Stop Doing That: Why Parents Sometimes Need to Get Out of the Way
Parents naturally want to help their children succeed. When a child is struggling - whether with school, friendships, anxiety, or motivation - the instinct is often to step in, solve problems, and remove obstacles. Over the years, both as a teacher and now as a therapist, I've found that some of the most effective parenting advice can be surprisingly simple: Stop doing that.

I spent nearly two decades teaching health before becoming a therapist. Throughout my career, I've been less interested in telling young people what to think and more interested in helping them learn how to think through challenges for themselves. Today, I bring that same philosophy to my work with adolescents and families.
One lesson I've learned repeatedly is that parents often unintentionally make problems more complicated than they need to be. In parenting groups, I frequently hear parents describe elaborate systems they've created to help their children succeed: special study spaces, carefully selected planners, constant reminders, and ongoing monitoring of schoolwork. While these efforts come from a place of love, they often shift responsibility away from the child and onto the parent.
I once worked with a mother who was deeply concerned about her daughter's academic performance. Week after week, she described new strategies she was implementing to help her daughter complete homework and improve grades. She found the perfect desk. Then the perfect planner. Then the perfect pens.
As we talked, it became clear that we were focusing on the wrong problem. So I gave her some rather simple advice:
"Stop doing that."
The point wasn't that she should stop caring. Quite the opposite. What I saw was a parent working incredibly hard to solve a problem that ultimately belonged to her daughter. By managing every detail, she was preventing her daughter from experiencing the natural consequences of her choices and learning how to navigate challenges independently.
This reflects a broader principle we often discuss at Direction Behavioral Health: maximum support, minimum interference. Parents can remain loving, supportive, and involved while still allowing their children to face the outcomes of their decisions. If a student doesn't complete homework, the resulting grade becomes valuable feedback. If a teenager is struggling socially or emotionally, the goal is not to eliminate every discomfort but to help them develop the skills to manage those difficulties themselves.
One of the greatest risks of excessive involvement is the impact it can have on the parent-child relationship.

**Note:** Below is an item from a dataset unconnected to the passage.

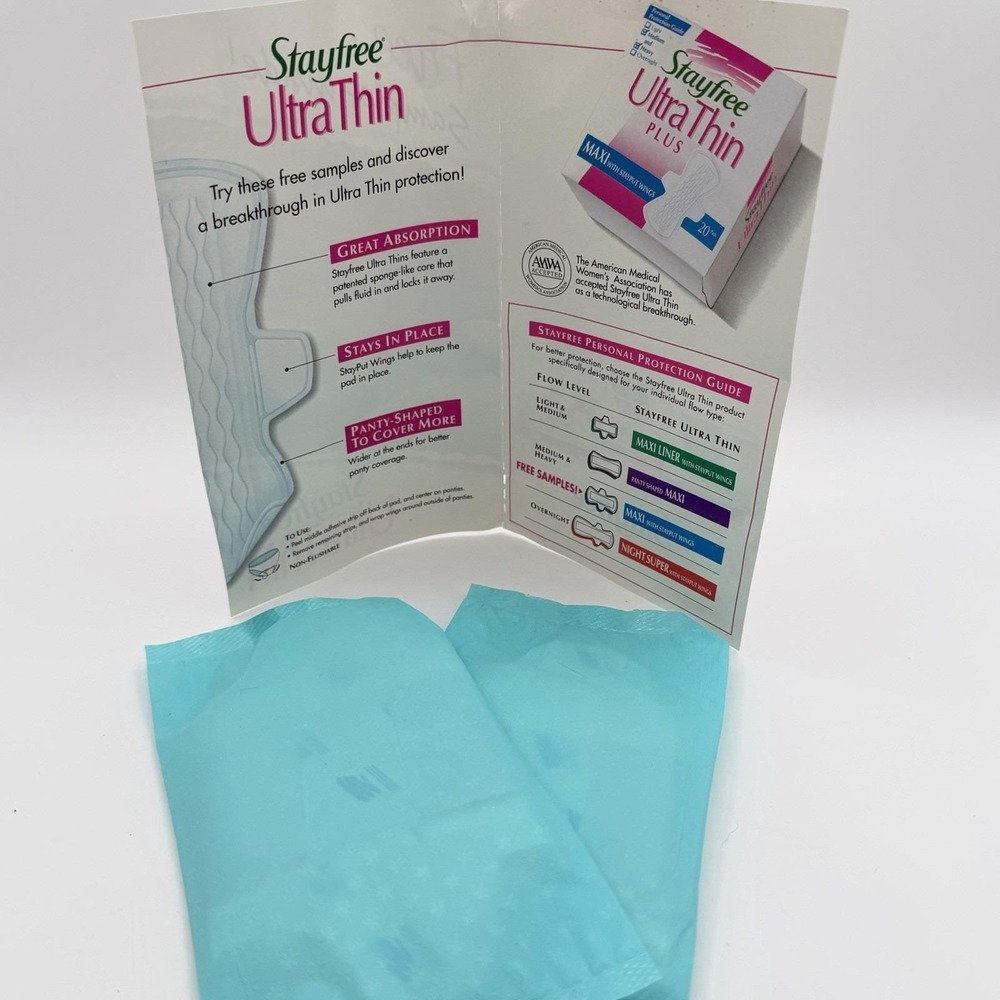 Vintage 1994 Print Ad & Samples Stayfree Ultra Thin Pads with Wings NOS Y2K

When parents constantly monitor, remind, pressure, or control, interactions begin revolving around performance rather than connection. Conversations become about grades, assignments, or behavior instead of understanding the child as a person. Over time, children may become less likely to seek support when they genuinely need it because they associate their parents with pressure rather than partnership.
I've observed this shift not only as a therapist but also as an educator. Over the years, parents gained increasing access to their children's academic lives through online grade portals and real-time school updates. While that visibility can be helpful, the trade-off is that it sometimes replaces direct conversations between parents and children. Instead of asking, "How's school going?" parents may focus on what they're seeing online, turning academic performance into the primary measure of well-being.
The solution is not to become uninvolved. Rather, I encourage parents to focus on their long-term goals for their children. Before stepping in, it can be helpful to ask: Will this action help my child develop the skills necessary to become a capable, healthy, independent adult five or ten years from now?
Often, the actions that provide immediate relief in the short term can create greater challenges in the long term. Rescuing a child from every mistake may prevent them from developing resilience, responsibility, and problem-solving skills. Allowing them to struggle, while offering support and guidance, gives them the opportunity to learn.
Parenting will always involve difficult decisions and uncomfortable moments. Watching a child fail, make mistakes, or experience disappointment is never easy. I don't want to minimize how painful that can be. At the same time, some of the most meaningful growth happens when parents resist the urge to fix everything and instead create space for their children to learn from their experiences.
Sometimes, the most supportive thing a parent can do is not to do more, but to do less. In the end, our children grow not from what we do for them, but from what they learn to do for themselves.